**EXERCISE PROMPT**
Write out every line exactly, from the start of the records below to the line with "Last but not", and stop there. Don't write out the pictures.

Saved data entries
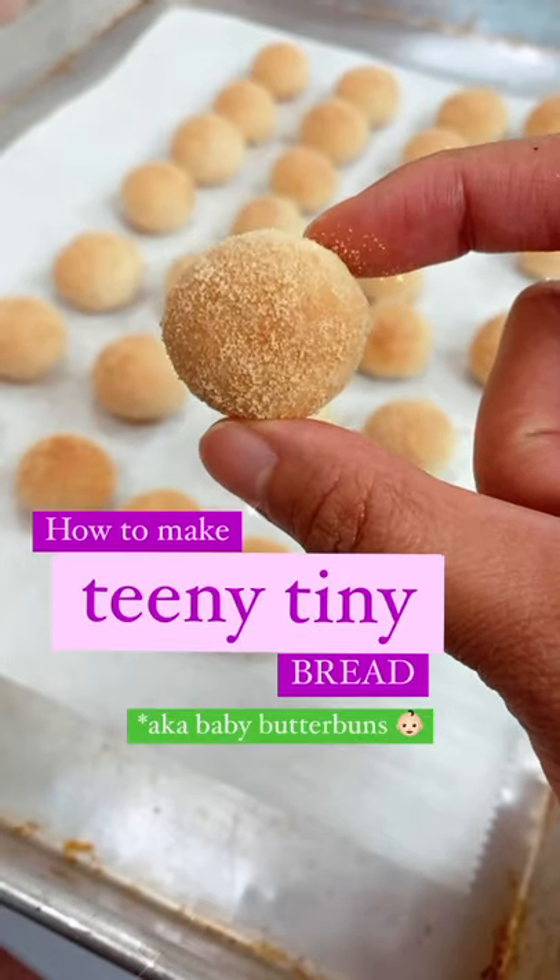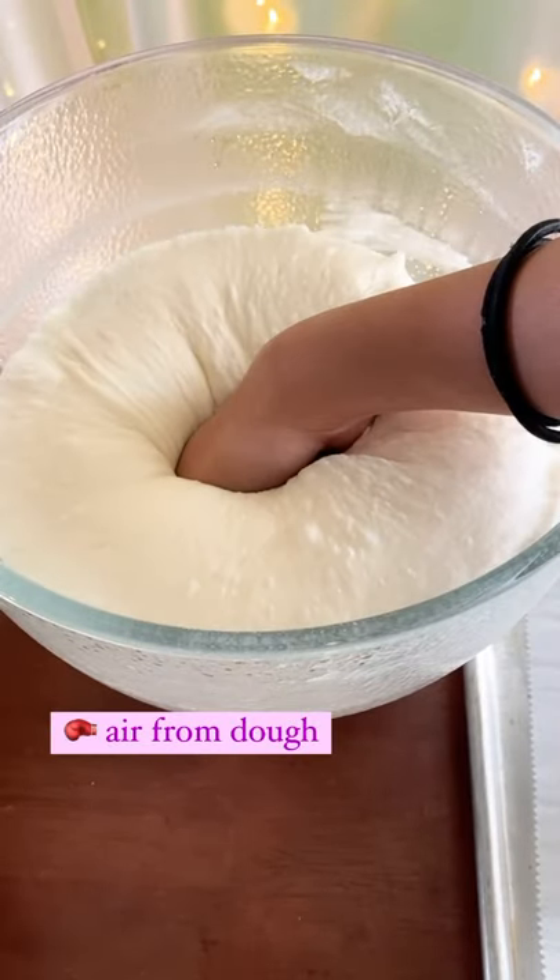I'm going to make teeny tiny bread, a.k.a. baby butter buns. Gently let it pass gas. This exists!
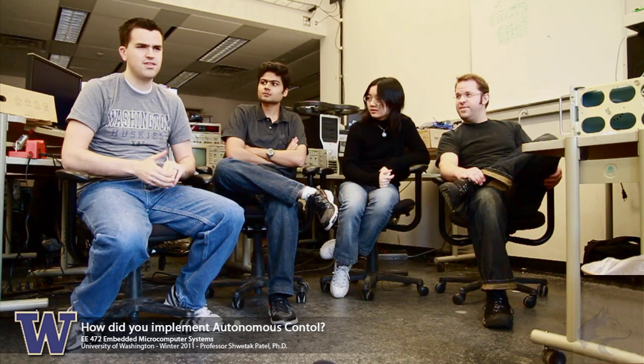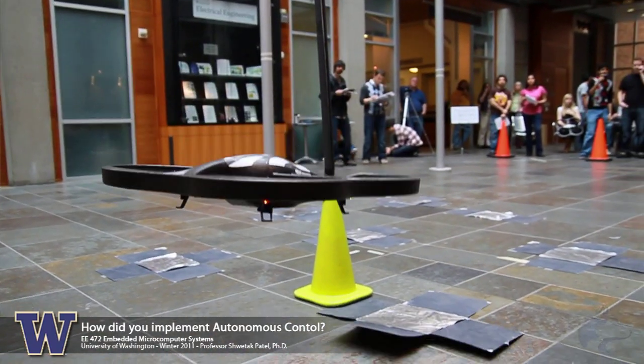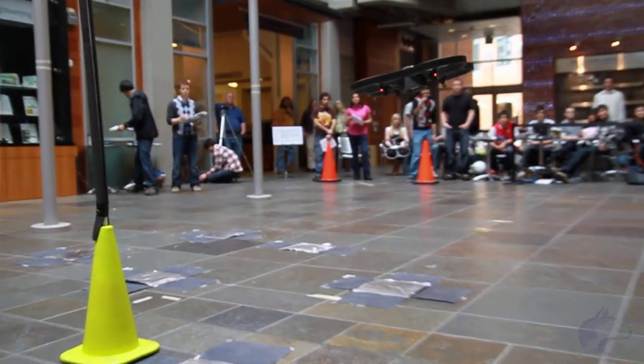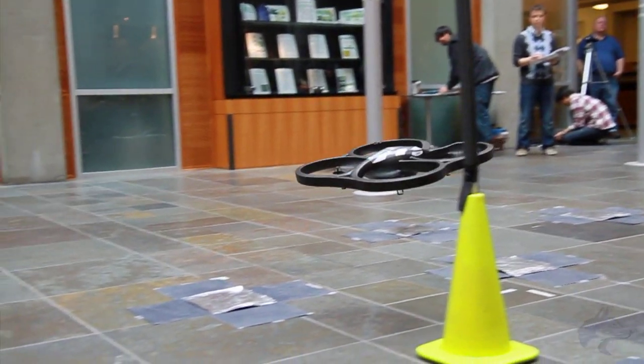The nav data was good in one specific place — if you do it up in the lab, the nav data would work great every time and we thought we were almost done. But then we took it down to the basement to test it and the drone just didn't ever stop. We couldn't use it. So it was a little bit of a headache, but we just did a timed approach eventually. It wasn't the best way, but it worked in the end.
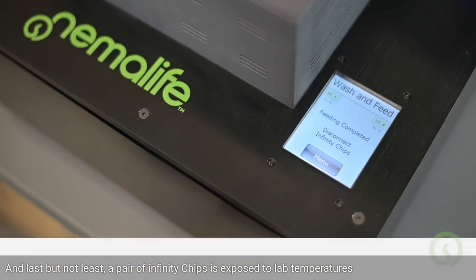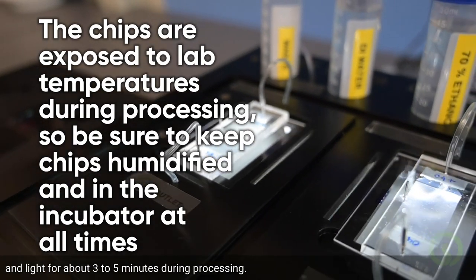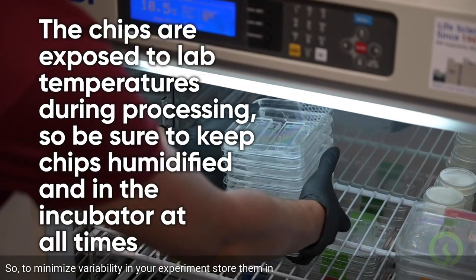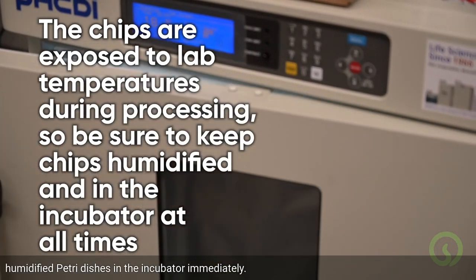Last but not least, a pair of Infinity chips is exposed to lab temperatures and light for about 3–5 minutes during processing. So to minimize variability in your experiment, store them in humidified Petri dishes in the incubator immediately.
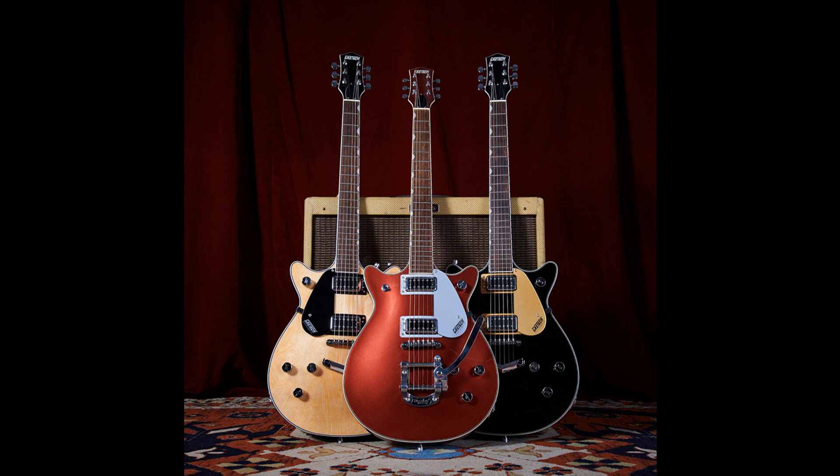Gretsch has launched its collection of Electromatic Double Jets. Classic jet tone begins with a chambered mahogany body with arched maple top that produces full lows and mids with a well-defined, yet smooth high-end. The result is a strong and balanced acoustic foundation fit for a variety of tones.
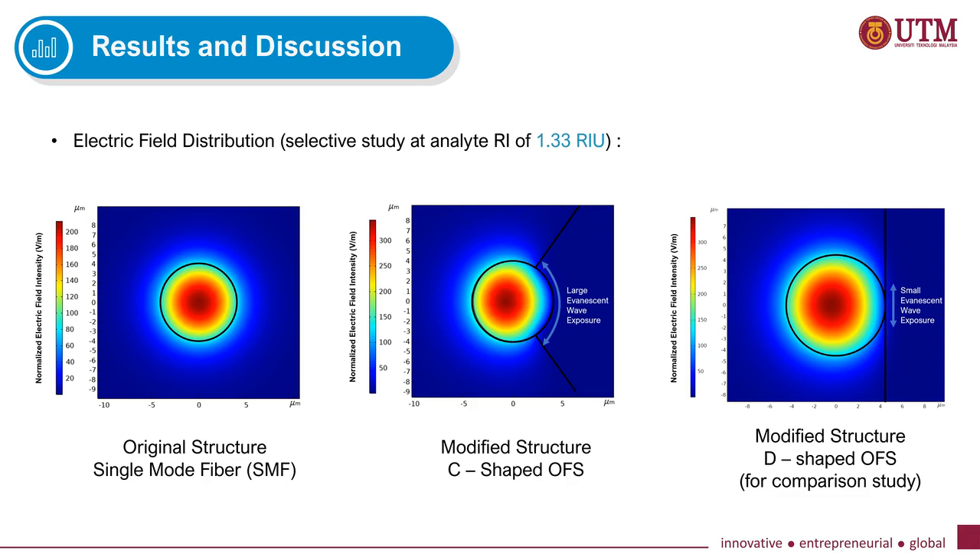These figures show the colored illustration comparing the SMF, C-shaped sensor, and D-shaped sensor when exposed to an analyte refractive index of 1.33. The red and blue colors represent the maximum and minimum electric field intensity. In the SMF structure, the electric field is concentrated at the center and equally distributed, indicating that light is strongly confined in the core. In the C-shaped and D-shaped sensors, the electric field is slightly shifted towards the core-cladding boundary, and the C-shaped sensor shows larger evanescent wave exposure compared to the D-shaped sensor.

**RESPONSE TO THE TASK**
I'm going to make teeny tiny bread, a.k.a. baby butter buns. Gently let it pass gas. This exists!
The nav data was good in one specific place — if you do it up in the lab, the nav data would work great every time and we thought we were almost done. But then we took it down to the basement to test it and the drone just didn't ever stop. We couldn't use it. So it was a little bit of a headache, but we just did a timed approach eventually. It wasn't the best way, but it worked in the end.
Last but not least, a pair of Infinity chips is exposed to lab temperatures and light for about 3–5 minutes during processing. So to minimize variability in your experiment, store them in humidified Petri dishes in the incubator immediately.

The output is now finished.